Conviction Overturned for Failure to "Seriously Consider" Expert Testimony on Eyewitness Factors

October 1, 2007

The Illinois Court of Appeals overturned a conviction Friday in People v. Allen (PDF) (update: now on Westlaw at 2007 WL 2821966), for the trial court’s “failure to conduct a meaningful inquiry” into proposed expert testimony on eyewitness factors by Dr. Steven Penrod.

Subjects of proffered testimony were to include the effects of stress, weapon focus, cross-race, lack of correlation between witness confidence and accuracy, and police procedures. The appellate court’s analysis of those factors is imperfect (for example, the court found that cross-race research would not have applied because the witness was married to an African American, which the research shows to be largely irrelevant).
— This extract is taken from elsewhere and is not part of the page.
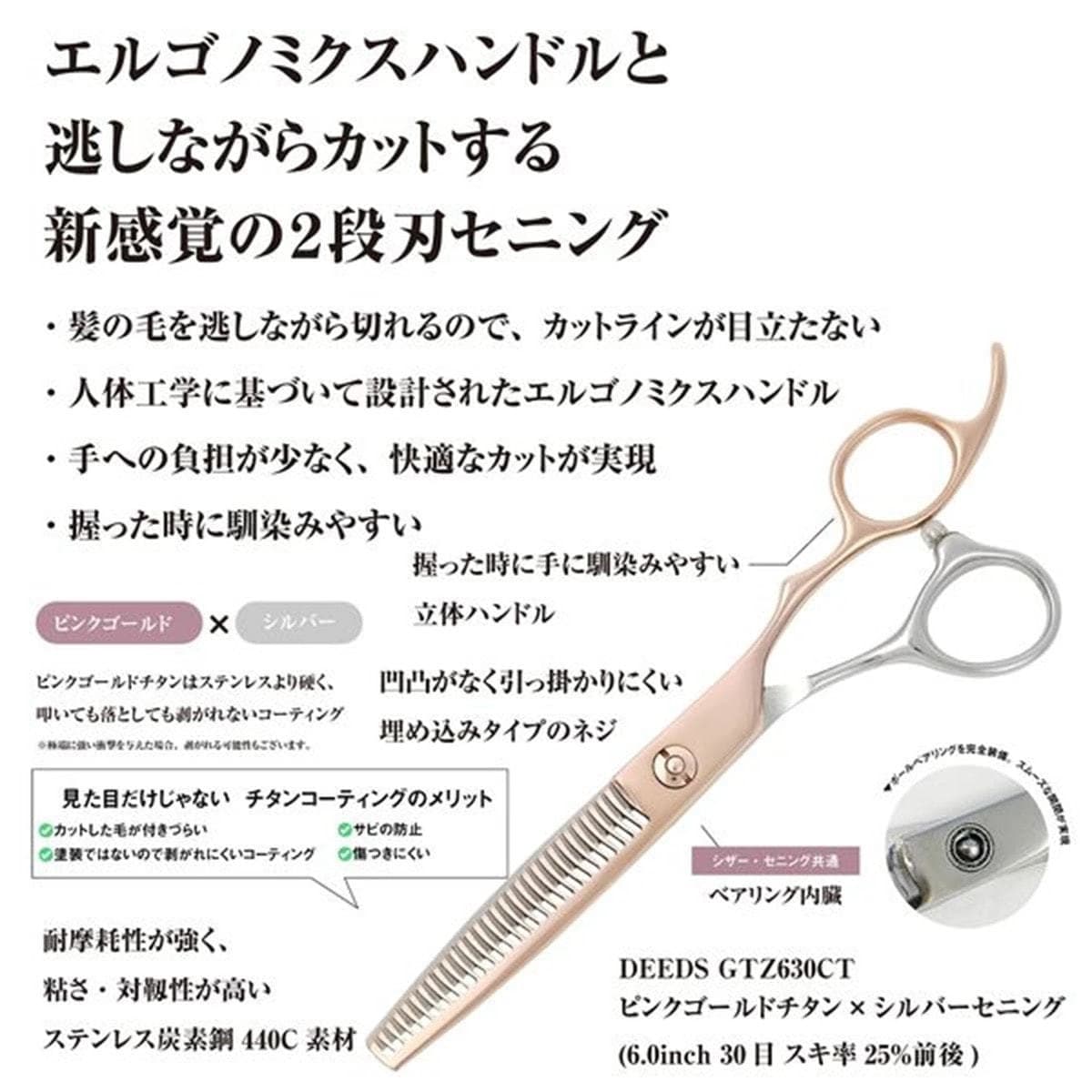 DEEDS GTZ630CT ピンクゴールドチタン×シルバー セニング バイカラー 30目 2段刃（6.0インチ・スキ率25％前後） 3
Nonetheless, the Illinois court was concerned with the fact that the prosecutor had argued effects that conflict with research findings:

The State’s comments: “[t]here is no higher degree of attention than someone pointing a gun at you;” “[defendant’s] face is burned in her memory forever;” ” [tlhere is no doubt she was certain;” and “if she is so certain, there is no reason and no doubt that you should be certain.”

That doesn’t stop our courts from excluding the same research on the same grounds, but I digress. The court didn’t go as far as to say that it was error to exclude the expert testimony, but citing Illinois case law, found that it was error to fail to provide a reasoned basis for its exclusion.

Neither at trial nor in this appeal does the State challenge the reliability of the research cited by Dr. Penrod. Nor did the trial court when it rejected the proposed testimony. The court merely said it did not believe: “experts in this particular case will assist the jury in determining the identification in
this case. I believe it would probably confuse them more and I believe that the
instruction that’s provided by the Illinois Pattern Jury Instructions is sufficient.”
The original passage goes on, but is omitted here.